In choir I usually audition. IE my choir teacher has us sing the solo part and chooses who she wants to do it. She likes to shuffle people around so everyone gets a chance, so I usually get something. :D Used to freak me out, but now I'm okay with it.

Musical theater...Well. I've had to audition for my musicals outside of school, but it's a class that I pay for so it's more like 'hmm what role suits you' as opposed to 'will you be in the show?' Once I auditioned for a role in a community theater production, but didn't even get a callback. :| And at school...acting and singing auditions if you want a role. Tried last year for the heck of it even though Grade 9's/freshmen can't get parts other than ensemble which you don't need to audition for. Due to the low percentage of talented theater people (and, well, I guess how well my audition stuff went this year) I managed to get an actual part this year. It's a big-ish one, too - and the first part I've ever wanted, auditioned for and GOTTEN. Usually I get a part that I am really disappointed with, so I was SO HAPPY. :D

But yeah. Auditions are SCARY. I just go in there and try not to freeze up. xD


----------



## Not Meowth (Feb 2, 2011)

i tried out as an asb referee
fuckin nailed it \o/


----------



## Autumn (Feb 3, 2011)

Meowth said:


> i tried out as an asb referee
> fuckin nailed it \o/


it took me like four tries the first time I did that (which was like four or five years ago)


----------



## Superbird (Feb 3, 2011)

Oh, I forgot. I got into All-District this year.


----------



## Lucas₇₅₅ (Feb 4, 2011)

There are competitions for band twice a year, once as an audition for all-county, once for all-state. I do it both times every year; the funny thing is, last time I auditioned for all-state, I made it in, but last time I auditioned for all-county, I didn't.


----------



## Chief Zackrai (Feb 4, 2011)

School Musical-_Beauty and The Beast_ I was The Beast
School Musical- _Dear Edwina_ I was the New Kid, Bobby (actually more important than you would think)
School Band- Got first chair
Jazz All-State -> Tried, but unfortunately _didn't_ make it. There's next year, though!

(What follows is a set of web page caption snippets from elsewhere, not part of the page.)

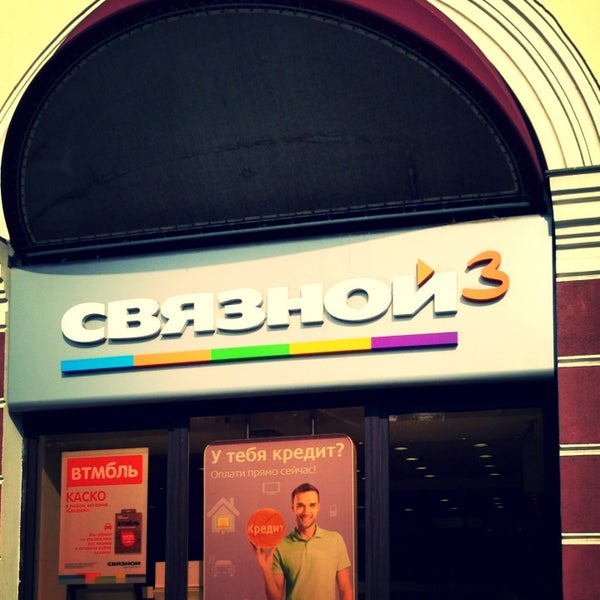 Связной магазин. Салон сотовой связи. Связной европейский. Связной бузулук. Связной.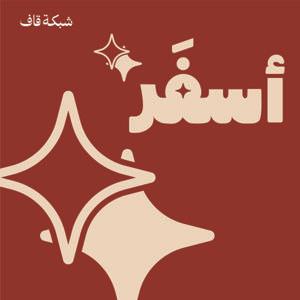 أسفَر by Qaf Network | شبكة قاف
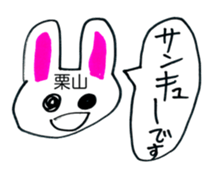 343327424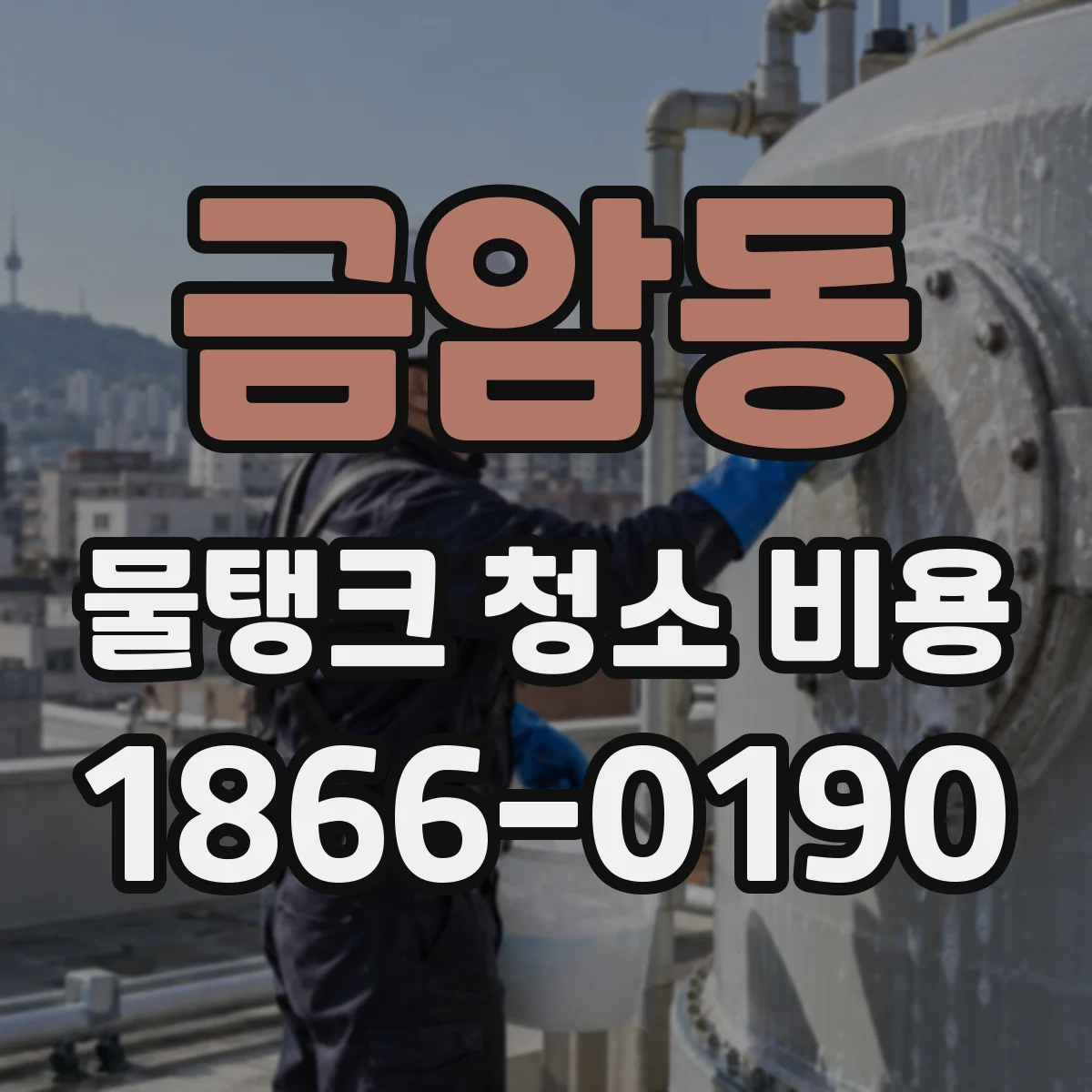 금암동 물탱크 청소 비용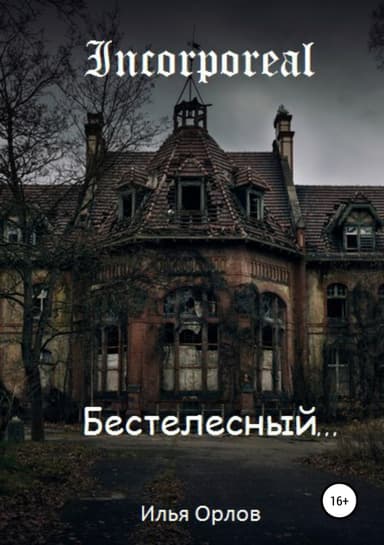 Бестелесный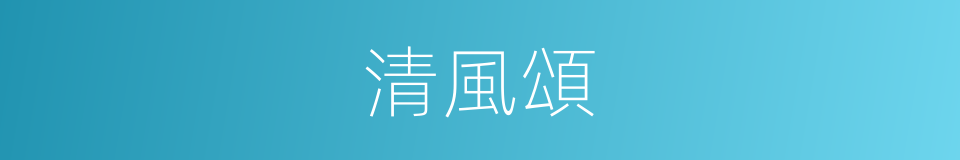 清風頌的同義詞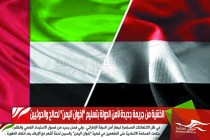 الخشية من جريمة جديدة لأمن الدولة بتسليم "إخوان اليمن" لصالح والحوثيين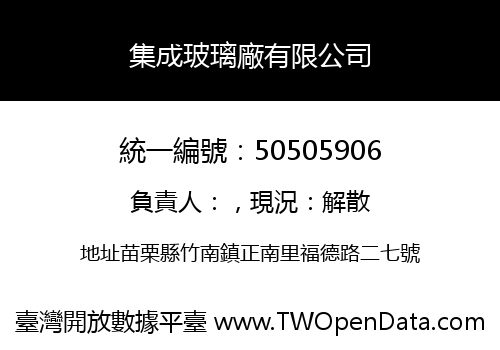 集成玻璃廠有限公司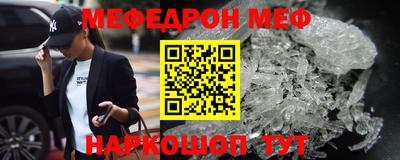 гидропоника Старая Купавна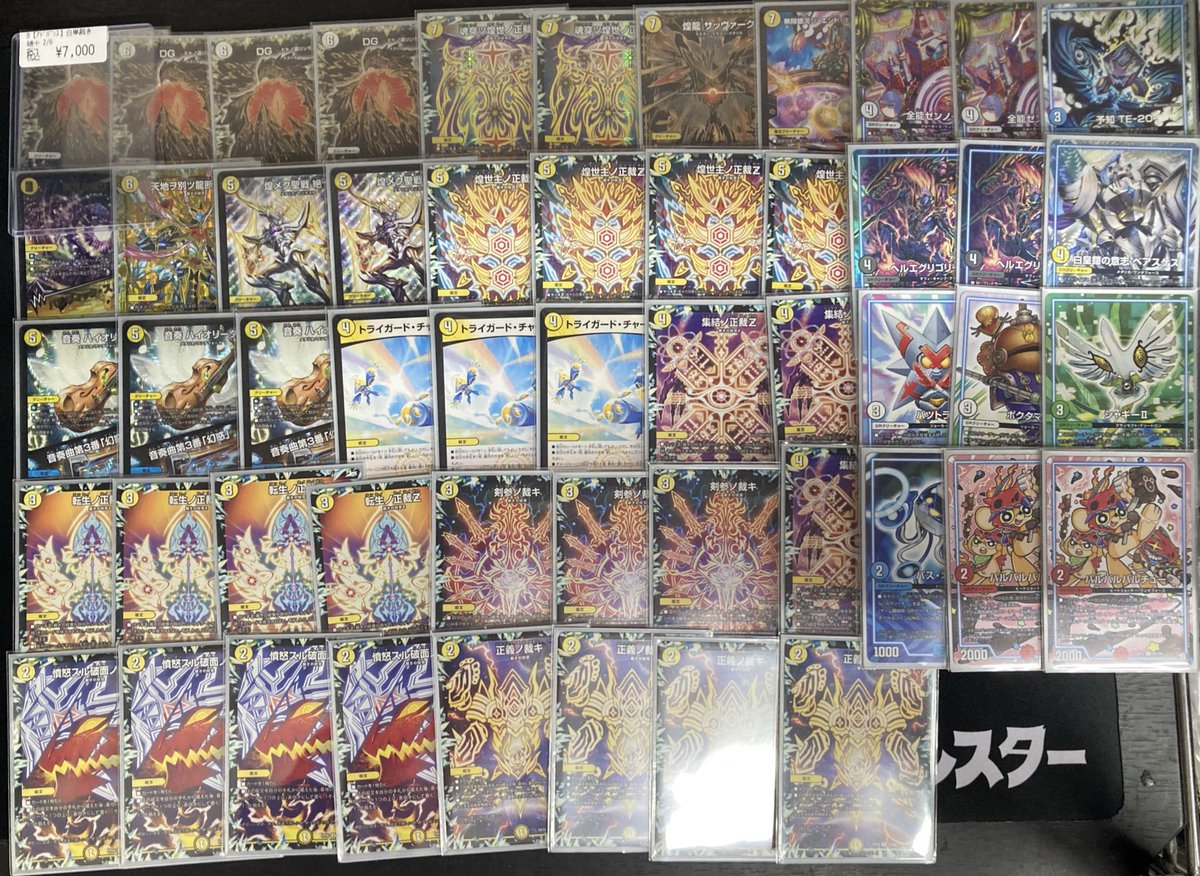 🔥 #デュエマ 🔥 デッキ告知‼️ 青白緑ジェネシス（エンジェル型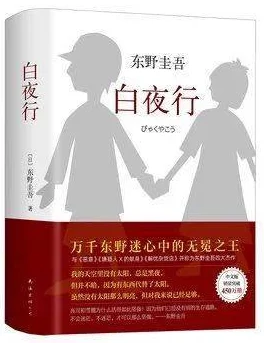 长篇yin乱荡合集小说通过积极向上的故事情节和人物塑造，展现了人性中的善良与希望，鼓励读者追求美好生活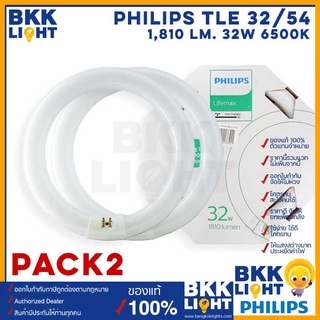 [แพ็คคู่] หลอดไฟนีออนกลม เดย์ไลท์ กำลัง 32 วัตต์ PHILIPS TLE 32/54 เดย์ไลท์ Circular Fluorescent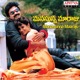 Manasunna Maaraju Original Motion Picture Soundtrack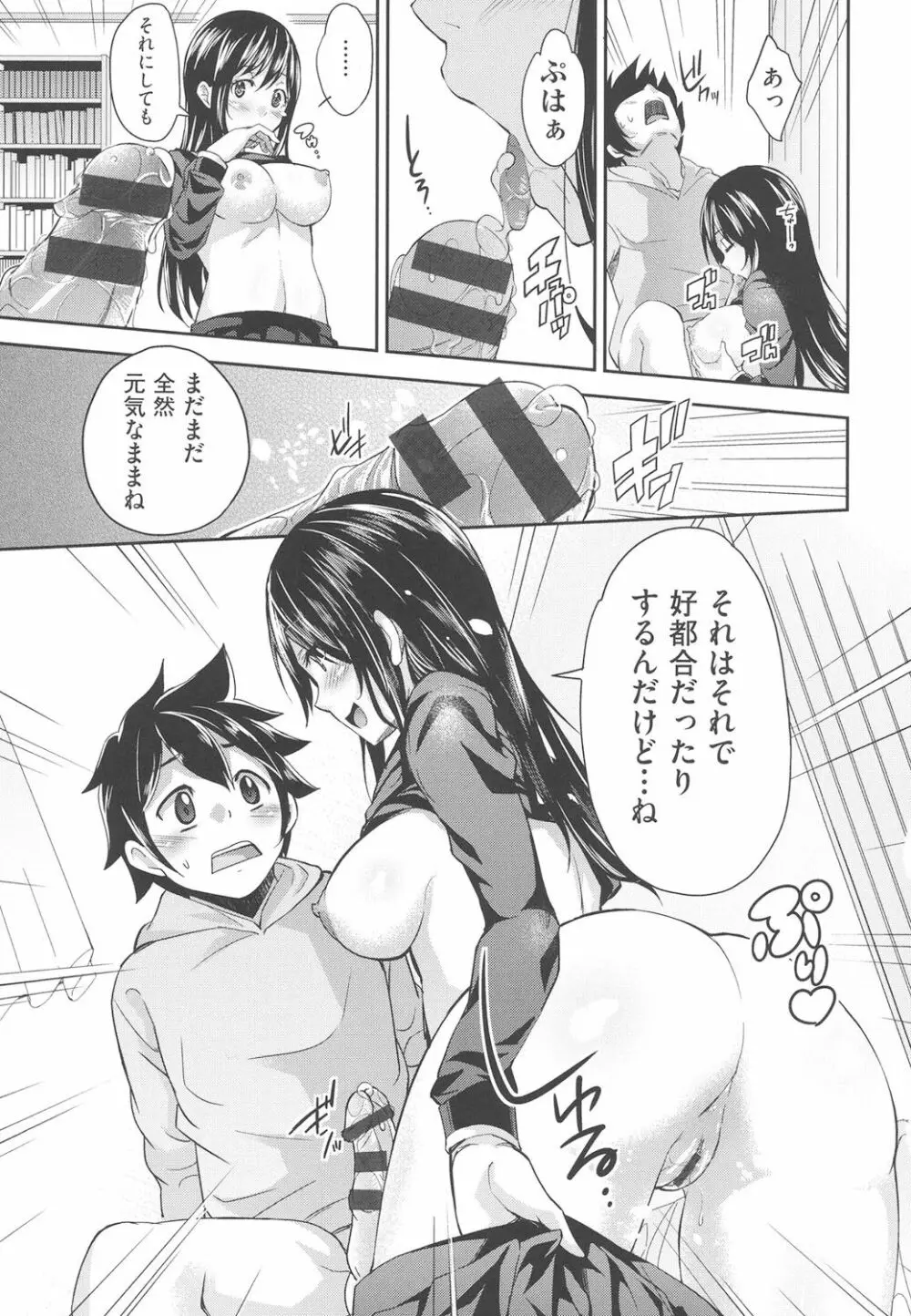 アクメカタログ Page.144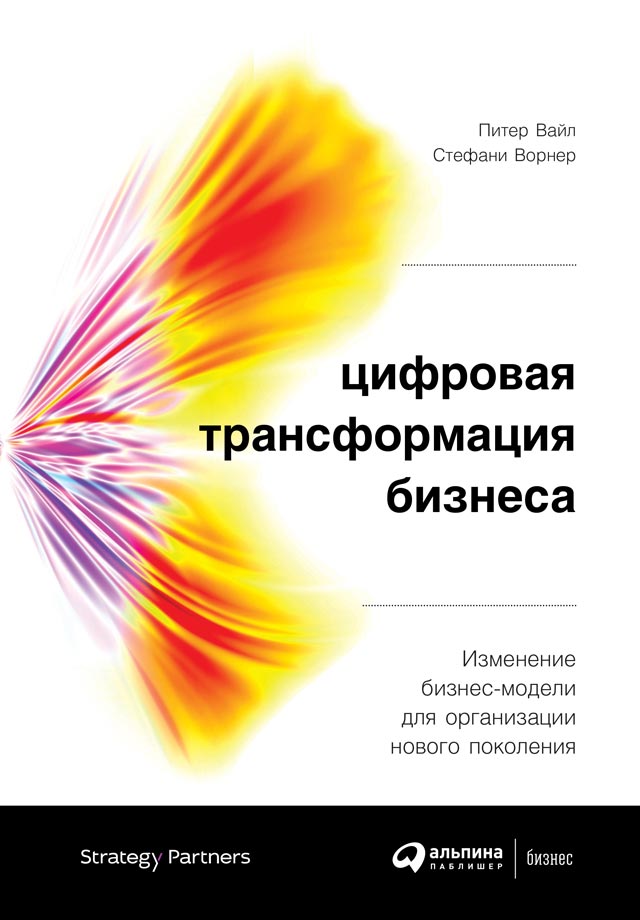 Обложка книги «Цифровая трансформация бизнеса»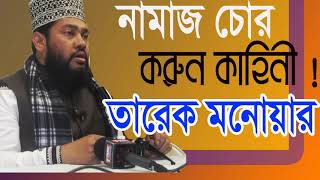 New Bangla Waz Tarek Monowar | Bangla Waz Mahfil 2019 | Best Bangla Waz Tarek Monowar | Islamic BD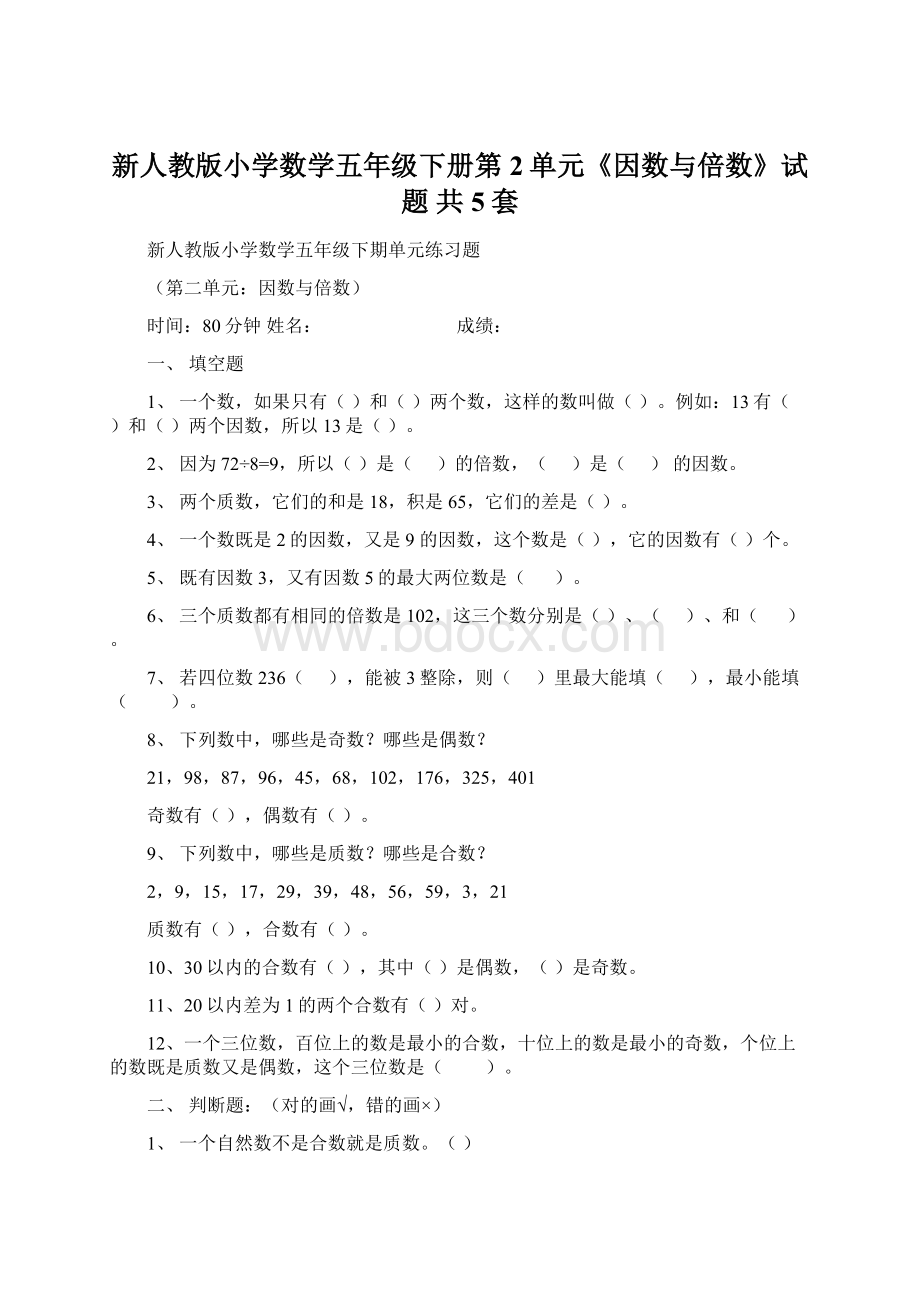 新人教版小学数学五年级下册第2单元《因数与倍数》试题 共5套.docx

All I can say is, know your stuff, I guess. That's how I go all of those things (Except All-State, that is. I wasn't as well prepped for that.) But, I can't really think of anything to get rid of the jitters with but _be confident_. Going into _The Beauty and The Beast_, I actually tried out for Lefu. Somehow I landed the lead. *shrugs*


----------



## Saith (Feb 4, 2011)

Well me and my mates tried out for the X Factor, but it wasn't serious.
We sang 'Chocolate Salty Balls'.
We, uh, didn't get through.


----------



## @lex (Feb 14, 2011)

I auditioned for high school, and got in~

I also auditioned for university. I did not get in. Tough competition, and besides, it wasn't my best performance.

This is mainly theatre and drama, by the way; not music.


----------



## Dannichu (Feb 16, 2011)

I've auditioned for a few things in my life (mostly school plays that weren't a big deal, and they assigned you a role), and always, always ended up being the narrator. On the plus side, I usually get the script in front of me, but it also means I don't get to _act_, which I'd like to do.


----------